Этот же принцип самоценности процедуры в полной мере распространим и на процедуру получения фантов. Он делает ее опорными элементами подачу заявок и подготовку отчетов, вытесняя все остальное, в том числе и работу ученого над заявленной темой, на периферию. Поэтому неверно думать, что с присуждением гранта взаимоотношения между присудившим его фондом «грантометом» и счастливым получателем новорожденным «дитем капитана Гранта» заканчиваются, по крайней мере, до начала следующего грантосоискательского цикла. Это далеко не так. Корабль, который ушел в дальнее плавание, рано или поздно пристанет к берегу, если, конечно, не утонет. А грантополучатель рано или поздно должен написать отчет. И здесь опять, как во многих других случаях, мы сталкиваемся с расслоением двух смыслов человеческой деятельности и ее продуктов формального и неформального. Формальный смысл отчетов состоит в том, чтобы описать, какую именно работу якобы проделал грантополучатель, показать, что он выполнил взятые на себя обязательства, т. е. сделал именно то, что обещал, продемонстрировать, что его работа стоит затраченных на нее денег и т. п. Но это только одна, внешняя сторона дела. А внутренняя, куда более важная, охватывает ряд фундаментальных, но не лежащих на поверхности смыслов.

Вообще-то эти смыслы должен знать всяк сюда входящий, т. е. каждый, кто занимается или собирается заниматься наукой. Во-первых, научные организации, как и любые другие организации, подчиняются общим закономерностям существования бюрократических структур, одна из которых состоит в необходимости отчетов. Зачем отчеты нужны, никто не знает, но этот вопрос сродни вопросу о том, в чем смысл жизни. Смысл отчетов явно заключен в них самих, ни одна организация не может без них прожить, а их необходимость для жизнеспособности любой организации должна быть принята как аксиома: нет отчетов – нет организации. Во-вторых, снова напомним, что основная задача научных фондов состоит в том, чтобы наиболее эффектным образом истратить чужие деньги. А отчет, если его красиво оформить, т. е. украсить всевозможными графиками, диаграммами, фотографиями, очень эффектен. Он настоящее произведение бюрократического искусства, не может оставить равнодушным истинного ценителя прекрасного и уж во всяком случае выглядит куда более эффектно, чем какие-нибудь научные книги. Именно поэтому научные фонды так любят отчеты и отчеты грантополучателей, и свои собственные отчеты, а подготовка хорошего и красочно иллюстрированного годового отчета приличного научного фонда стоит десятки тысяч долларов. Существует и органичная связь между двумя видам отчетов: большое всегда начинается с малого, а эффектные годовые отчеты научных фондов выражают и венчают тот порядок, который поддерживается малыми и сухими отчетами грантополучателей. Наконец, третий смысл отчетов состоит в том, что деньги есть деньги, и любая их выдача, даже в виде дарения, т. е. фанта, предполагает контроль над тем, кому они выданы. Да и новый грант может быть выдан лишь в том случае, если получатель прежнего продемонстрировал, что ничего плохого он не сделал, а это может быть продемонстрировано только с помощью отчета.
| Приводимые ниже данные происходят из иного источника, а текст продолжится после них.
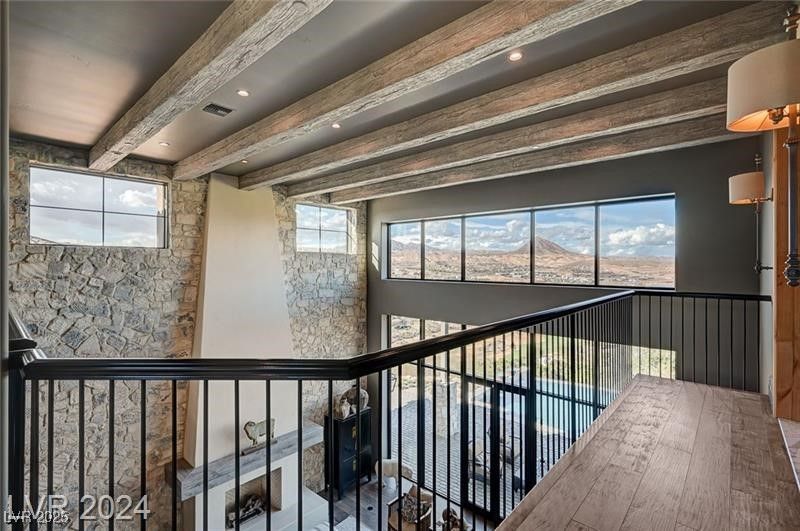 Interior, Recessed Lighting, Stone Walls, Wooden Beams, Wood Texture Flooring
Перечисленные функции отчетов определяют их типовой размер и стандартную структуру. Их размер (как правило, не более 3–5 страниц) невелик особенно в сравнении с заявками, которые по своему объему часто превосходят солидные научные труды. Ясно, что никакой серьезной информации о ходе выполнения проекта и о его результатах в такой мизерный объем уложить нельзя. Но это и не нужно. Отчетов, в отличие от заявок, никто не читает, но, опять же в отличие от заявок, они не уничтожаются, а хранятся в анналах фондов. Если бы отчеты были большими, то эти анналы занимали бы целые кварталы, компактность же отчетов дает им возможность умещаться в сравнительно небольших помещениях.
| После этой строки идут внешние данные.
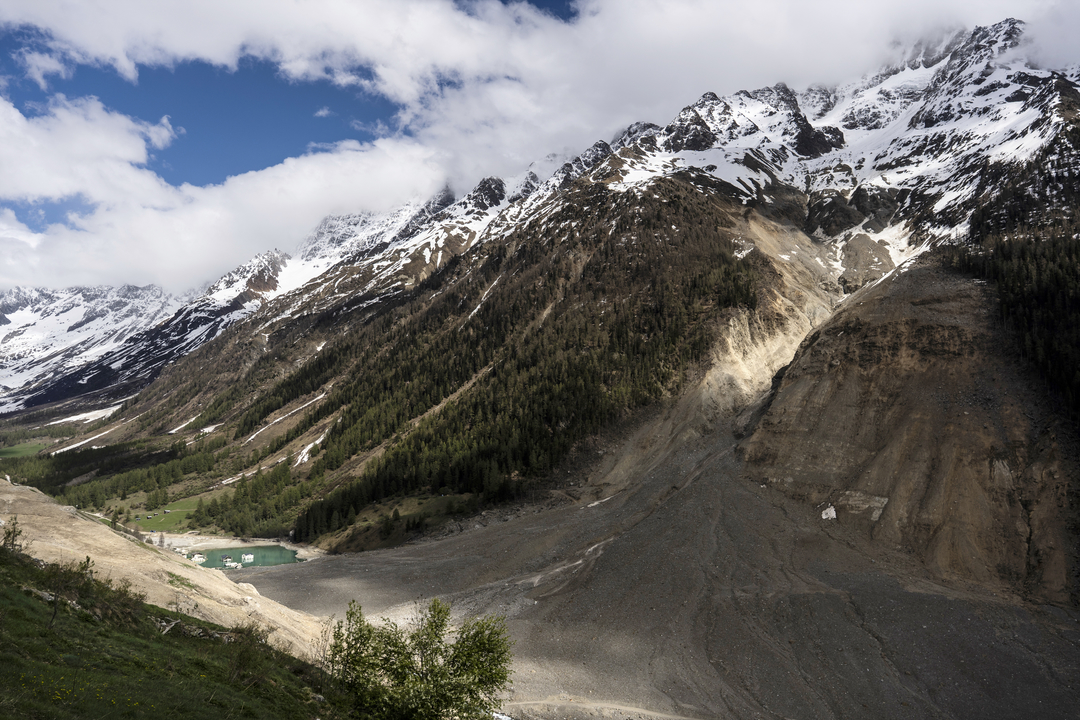 A year on from the collapse of the Birch glacier, Blatten remains shrouded in dust and debris. Photographer: Jose Cendon/Bloomberg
Структура отчетов определяется явным приоритетом формы над содержанием. Типовой отчет требует краткого подтверждения того, что обещанное грантополучателем выполнено, еще более краткого описания полученных результатов и куда более подробного изложения того, в каком городе и на какой улице грантополучатель живет, каков его почтовый индекс, номер факса и телефона и т. п. Доминирование подобной информации связано с тем, что, как уже говорилось, отношения фондов с грантополучателями это отношения контролирующего и подконтрольного, а не работодателя и работника, предполагающие строгий контроль над местонахождением грантополучателя, а не над содержанием его работы.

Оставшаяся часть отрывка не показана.